§ **Material provided**
※

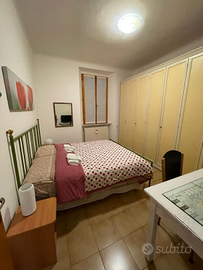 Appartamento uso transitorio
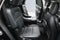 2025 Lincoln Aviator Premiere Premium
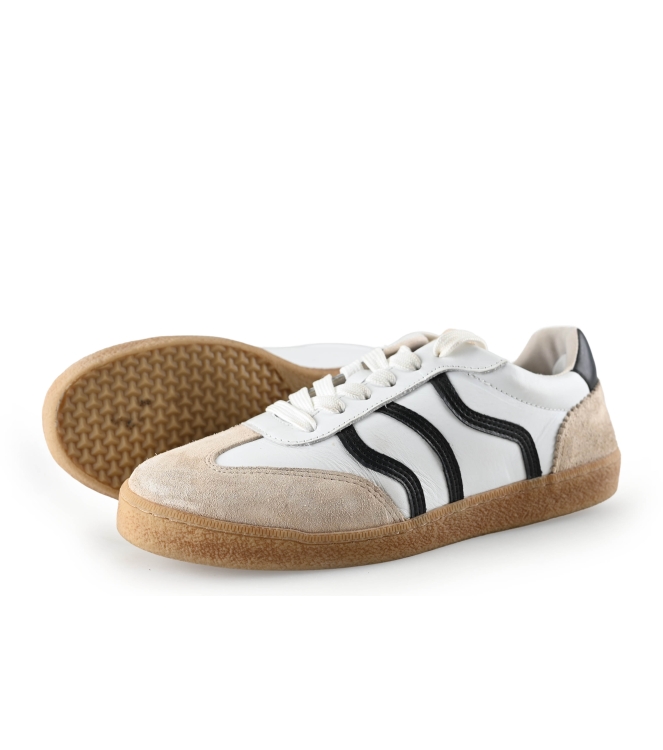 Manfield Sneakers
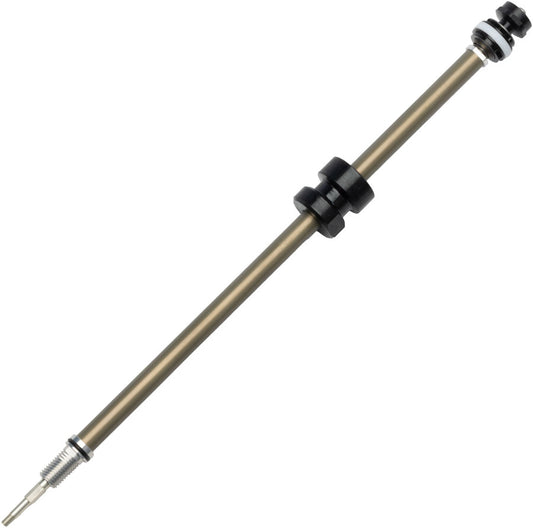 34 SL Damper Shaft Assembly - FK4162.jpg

※

§ **Your assignment**
Restate the lines above exactly, from the one bearing "2025 Lincoln Aviator Premiere Premium" through the final line of the material, both included, omitting pictures.

§ **Written answer**
 2025 Lincoln Aviator Premiere Premium
 Manfield Sneakers
 34 SL Damper Shaft Assembly - FK4162.jpg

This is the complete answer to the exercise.